§ WHAT YOU WILL DO
Please set down, word for word, the line that contains "Van Gogh 200" and every line after it to the end of the entries below, omitting the pictures.

= Beginning of Section =

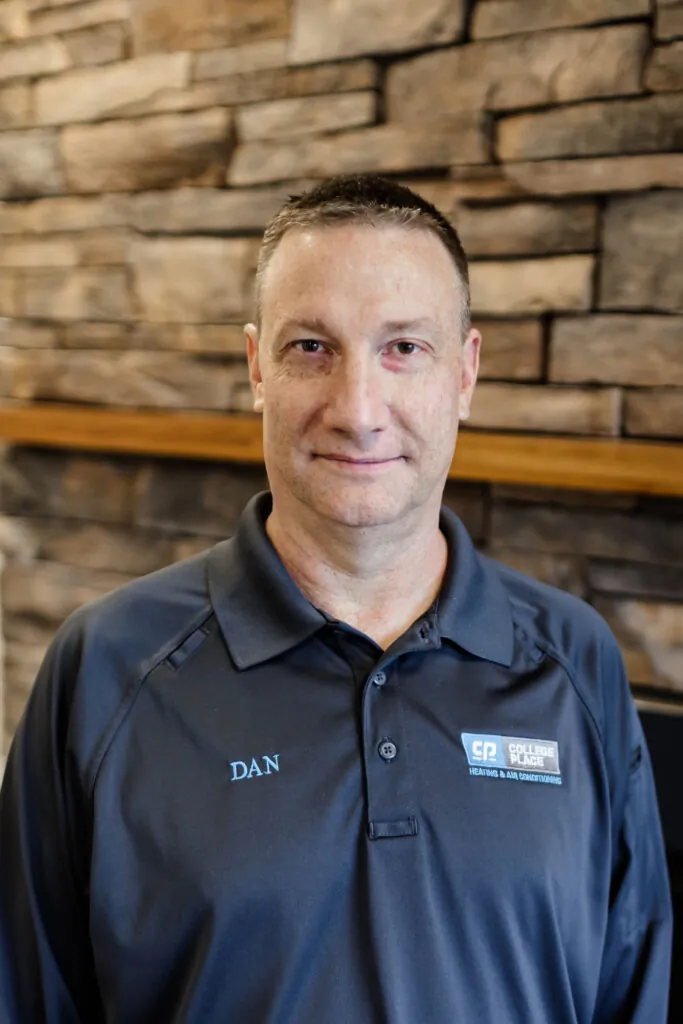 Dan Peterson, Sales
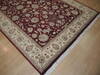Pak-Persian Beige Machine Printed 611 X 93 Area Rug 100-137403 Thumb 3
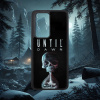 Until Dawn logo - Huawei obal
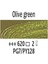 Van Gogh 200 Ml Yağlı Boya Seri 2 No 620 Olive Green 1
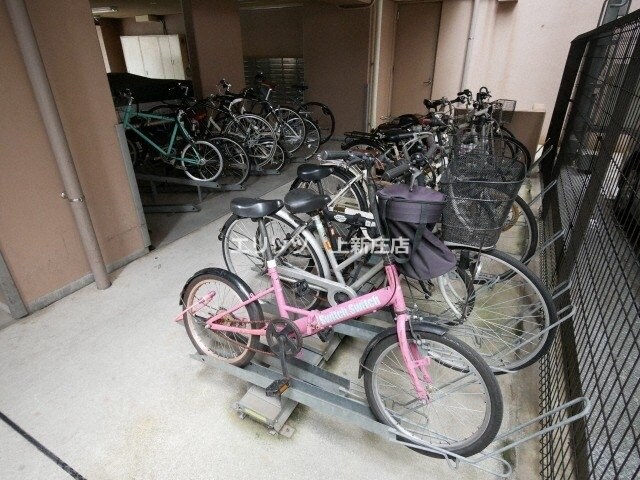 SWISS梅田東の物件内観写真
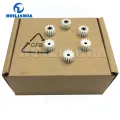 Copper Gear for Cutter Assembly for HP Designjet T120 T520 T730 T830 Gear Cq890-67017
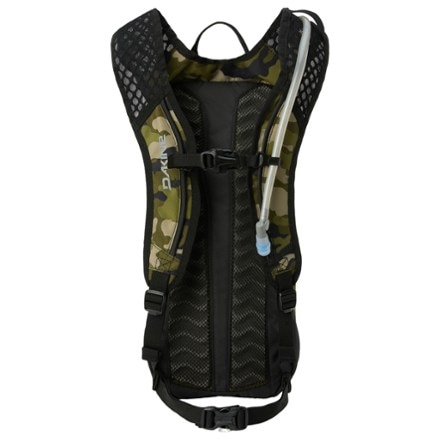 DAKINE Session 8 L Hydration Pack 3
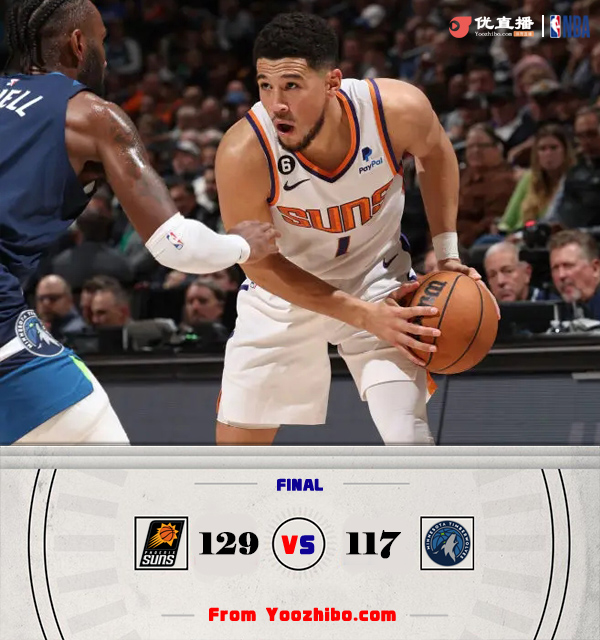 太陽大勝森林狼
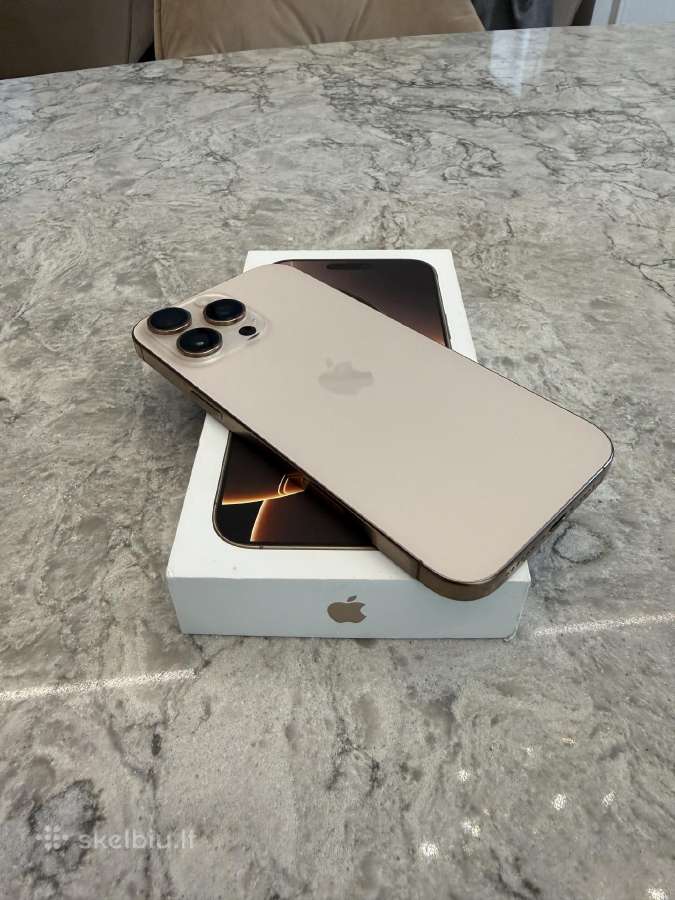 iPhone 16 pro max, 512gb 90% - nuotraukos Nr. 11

= End of Section =

§ WRITTEN ANSWER
 Van Gogh 200 Ml Yağlı Boya Seri 2 No 620 Olive Green 1
 SWISS梅田東の物件内観写真
 Copper Gear for Cutter Assembly for HP Designjet T120 T520 T730 T830 Gear Cq890-67017
 DAKINE Session 8 L Hydration Pack 3
 太陽大勝森林狼
 iPhone 16 pro max, 512gb 90% - nuotraukos Nr. 11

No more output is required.